In BOYS DON'T CRY, Brandon is played by Hilary Swank in a performance that goes well beyond simple macho posturing. With her close-cropped hair, thin frame, and wide grin, Swank has the appearance of an extremely gawky Matt Damon. But look closer at that smile, the earnestness in her demeanor, the good-natured chivalrousness and she becomes loveable as a man. It's easy to see why a bitter southern townie would fall for her. She has something the other males lack; an aw shucks kindness. She comes with flowers while the others come with beer and condoms.

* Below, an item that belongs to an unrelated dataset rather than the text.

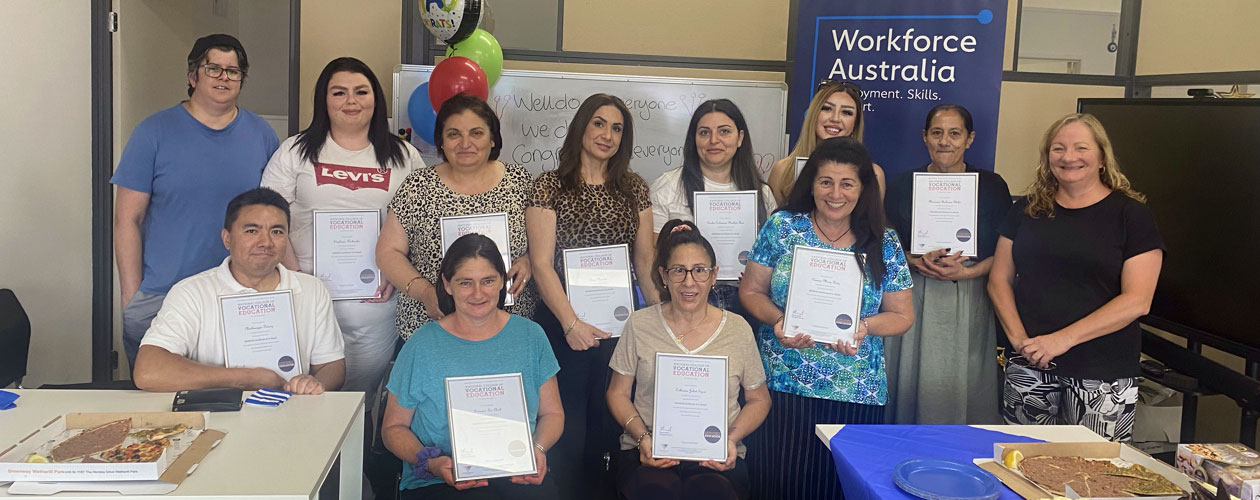 Graduates holding their certificates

As the film opens Teena leaves her hometown of Lincoln for Falls City, a trailer park haven. Through a bar fight she becomes acquainted with two loutish rednecks (both extremely well played by Peter Sarsgaard and Brendan Sexton III), and their "girls". One of whom catches Teena's eye. She is Lana (well played by Chloe Sevigny) a bitter townie, who like all bitter townies dreams of escaping the confines of her town. Brandon is in a similar situation; she dreams of escaping the confines of femininity. Teena woos her with sweetness, something the men of this particular town seem to know nothing about (yes a generalization, but a surprisingly appropriate one judging from the documentary). Their relationship is the heart of the film, and it certainly works to counter the almost clinical manner of its brutal, unflinching conclusion. That heart makes the violence much harder to take; we've grown to care about this character and the unrelenting cruelty towards her hurts, as it should.

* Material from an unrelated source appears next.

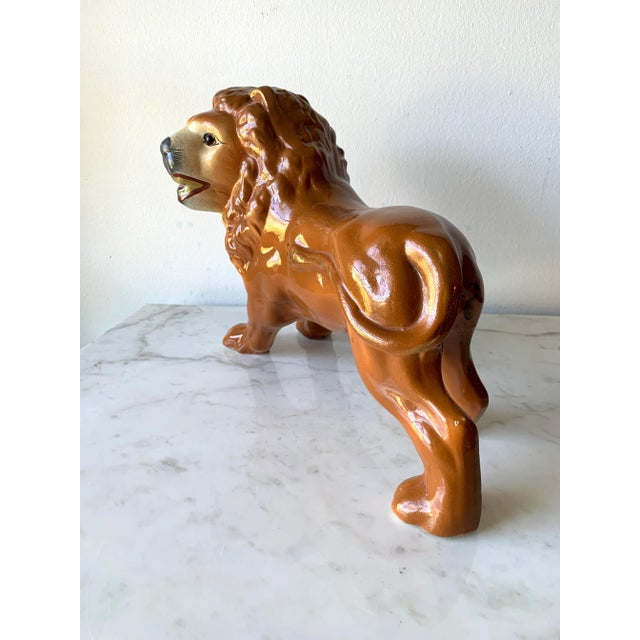 Behold the regal and imposing 19th Century Standing Lion Staffordshire Figure, a magnificent testament to the...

Kimberly Pierce (the co-writer\director, and certainly a talent to watch) ups the lyrical undertones with in-between-scene segues filmed as heady rushes of prairie life speeded up to the point where all we see are rapid lights blinking with urgency. The film itself gradually becomes more urgent, and a bit more difficult to watch. Pierce doesn't hide much from us. We see the murders, the beatings, and the rape, but here it serves a purpose whereas in a major Hollywood production like THE GENERAL'S DAUGHTER it did not. In that movie the rape was filmed by commercial director Simon West as a masochistic gang bang fantasy. West used flashy camera moves and stylishly dank cinematography to make, what looked like, a slick commercial for rape. Pierce hardly moves her camera; she simply presents us with the facts. BOY'S DON'T CRY doesn't preach, or moralize its characters, it chronicles events that did occur. And it gives them life and meaning by taking us into a strangely touching romance that looks to be so simple on the surface. It is simple in all its ROMEO AND JULIET tragic romanticism, but complex because of the one major addition.

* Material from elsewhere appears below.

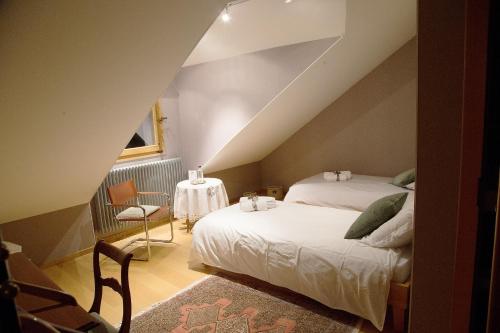 een slaapkamer op zolder met 2 bedden en een tafel bij Le Manoir in Chaumont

Pierce's film is uncompromising in its content. I can just imagine if it had been made as a mainstream film (as was proposed). The movie features the kind of raw intensity, taboo exploration, and emotional truths that used to be (pre-Tarantino) the hallmark of independent film. Now amidst the rotting corpses of irony laden "hipster" indies, BOYS DON'T CRY stands out as a sobering experience.